NOTE: This post originally ran on Robopicto.com — check that site out there is a lot of great stuff.
Welcome to Movie Reviews for Movies I Didn't Want to See! (MIDWTS)
SHAZAM 2019 Action Adventure Comedy
Zachary Levi, Mark Strong
Running Time: WAY too long at 2 HOURS 12 Min!!!
When Billy Batson was 3 or 4 years old he got separated from his young mom at a carnival one day and he never saw her again. Passed off from Foster home to Foster home he's a kid who is heading for trouble. One of the earliest scenes has him locking some cops in a Pawn Shop that he has falsely called in a robbery for so that he can access the cruiser's computer on his quest to reconnect with his mom.
This is the final straw for Billy's orphan overlords so they stick him in a home so diverse it could pass for a Gap ad with loving parents and a bunch of sickly sweet kids who are banding together in their own orphanistic existence. One of them is a crippled kid named Freddy who is easily the best actor in the movie but that's not saying much.
Meanwhile, Dr. Sivana is running an evil organization because as a kid he almost was chosen by the great Wizard Shazam to become Captain Marvel, although apparently because of legal reasons we can't actually call him Captain Marvel in this movie. Anyway Sivana isn't worthy and like any sane person who is rejected he becomes obsessed with finding the secret location of Shazam's underground Batcave so that he can convince the Wizard he was wrong by beating him senseless and stealing his powers.
Now somehow Billy, who we recently saw has broken into a police car and committed a string of other felonies not the least of which is stealing from one of his orphanite pals IS found worthy by Shazam and hilarity ensues, or at least it's supposed to ensue.
If you've ever seen an episode of THE GREATEST AMERICAN HERO which was a lousy TV show in the 1970s which starred Robert Culp and someone who I think is John Ritter only it's not which told the story of a dopey guy who finds a superhero suit complete with powers and then over the course of 14 or so episodes he has to figure out how to use those powers-- and supposed hilarity ensues.
In the 70s we were so desperate for superheroes on even the small screen we were a lot more forgiving. Now we have superheroes all over the place and I wish they'd go away.

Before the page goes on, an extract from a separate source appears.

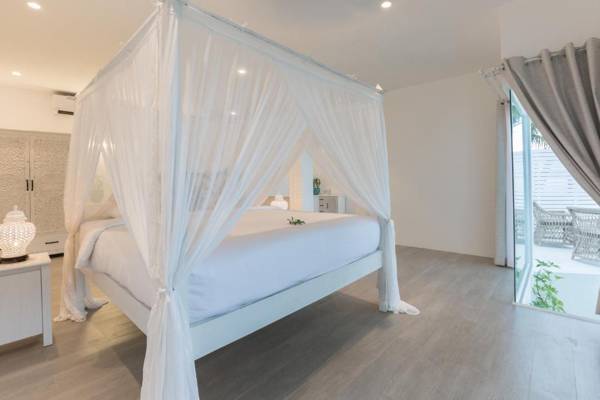 Tembo Beach Club & Resort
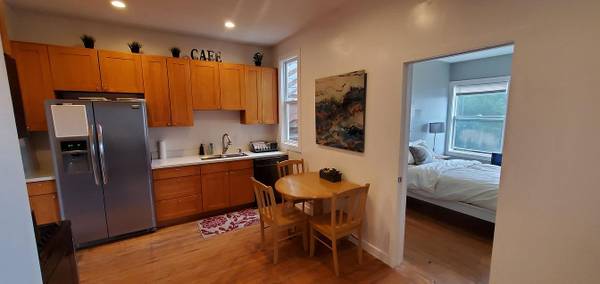 4BR/2BA Apartment · San Francisco photo 3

Anyway, take Greatest American Hero and combine it with Tom Hanks sickly sweet kid turned into an adult Dramedy BIG and you've got SHAZAM.
Now if we were to compare it to, say, BATMAN VS SUPERMAN which was one of the worst movies of all time, this one is not that bad. But we could also say the food poisoning we got at Super Chinese Buffet was nowhere near as bad as the food poisoning we got at the Vietnamese place next door-- neither one is a ringing endorsement.
SHAZAM is predictable, overly long by about 30 mins and features a villain who has no personality or clear motivation other than he hates his dad. If you're the kind of person who loves watching comic book characters in live action then you'll dig this.
Me? The popcorn was supplied for free in return for my coming along and I mixed in Snowcaps which made the trip almost worth it.
If you'd like to see a good version of Captain Marvel (aka Shazam) check out 1941's Adventure of Captain Marvel-- it's on YouTube and it's actually good.